Re: KTable.suppress(Suppressed.untilWindowCloses) does not suppress some non-final results when the kafka streams process is restarted

Jonathan Santilli Fri, 01 Mar 2019 09:33:53 -0800

BTW, after stopping the app gracefully (Stream#close()), this error shows
up repeatedly:


2019-03-01 17:18:07,819 WARN
[XXX-116ba7c8-678e-47f7-9074-7d03627b1e1a-StreamThread-1]
internals.ProcessorStateManager (ProcessorStateManager.java:327) - task
[0_0] Failed to write offset checkpoint file to
[/tmp/kafka-stream/XXX/0_0/.checkpoint]

java.io.FileNotFoundException: /tmp/kafka-stream/XXX/0_0/.checkpoint.tmp
(No such file or directory)

at java.io.FileOutputStream.open0(Native Method) ~[?:1.8.0_191]

at java.io.FileOutputStream.open(FileOutputStream.java:270) ~[?:1.8.0_191]
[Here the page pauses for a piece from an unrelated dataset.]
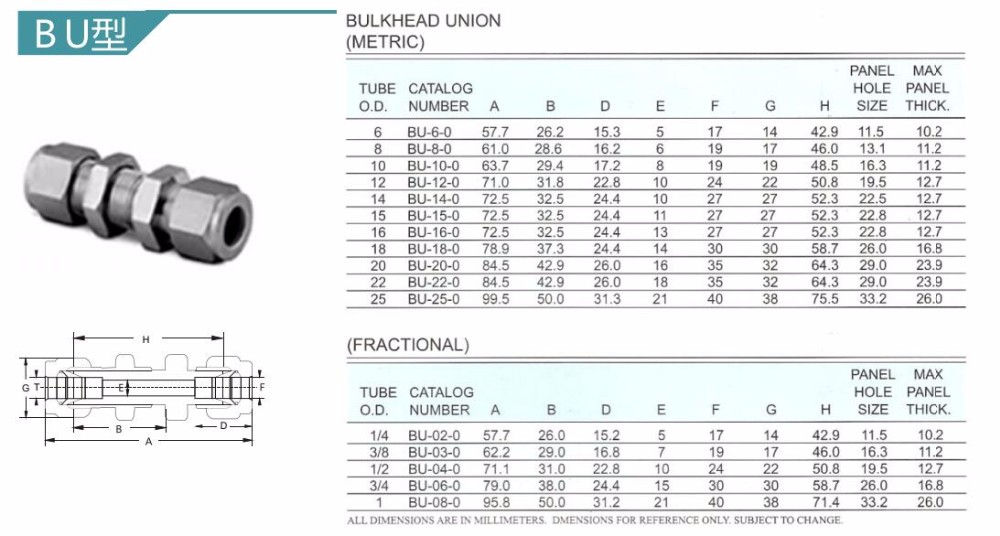 High pressure Stainless Steel 316 Pipe fittings 3mm 4mm 6mm 8mm 10mm OD Double ferrule bulkhead union tube fitting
at java.io.FileOutputStream.<init>(FileOutputStream.java:213) ~[?:1.8.0_191]

at java.io.FileOutputStream.<init>(FileOutputStream.java:162) ~[?:1.8.0_191]

at org.apache.kafka.streams.state.internals.OffsetCheckpoint.write(
OffsetCheckpoint.java:79) ~[kafka-streams-2.2.0.jar:?]

at
org.apache.kafka.streams.processor.internals.ProcessorStateManager.checkpoint(
ProcessorStateManager.java:325) [kafka-streams-2.2.0.jar:?]

at org.apache.kafka.streams.processor.internals.StreamTask.suspend(
StreamTask.java:599) [kafka-streams-2.2.0.jar:?]

at org.apache.kafka.streams.processor.internals.StreamTask.close(
StreamTask.java:721) [kafka-streams-2.2.0.jar:?]

at org.apache.kafka.streams.processor.internals.AssignedTasks.close(
AssignedTasks.java:337) [kafka-streams-2.2.0.jar:?]

at org.apache.kafka.streams.processor.internals.TaskManager.shutdown(
TaskManager.java:267) [kafka-streams-2.2.0.jar:?]

at
org.apache.kafka.streams.processor.internals.StreamThread.completeShutdown(
StreamThread.java:1209) [kafka-streams-2.2.0.jar:?]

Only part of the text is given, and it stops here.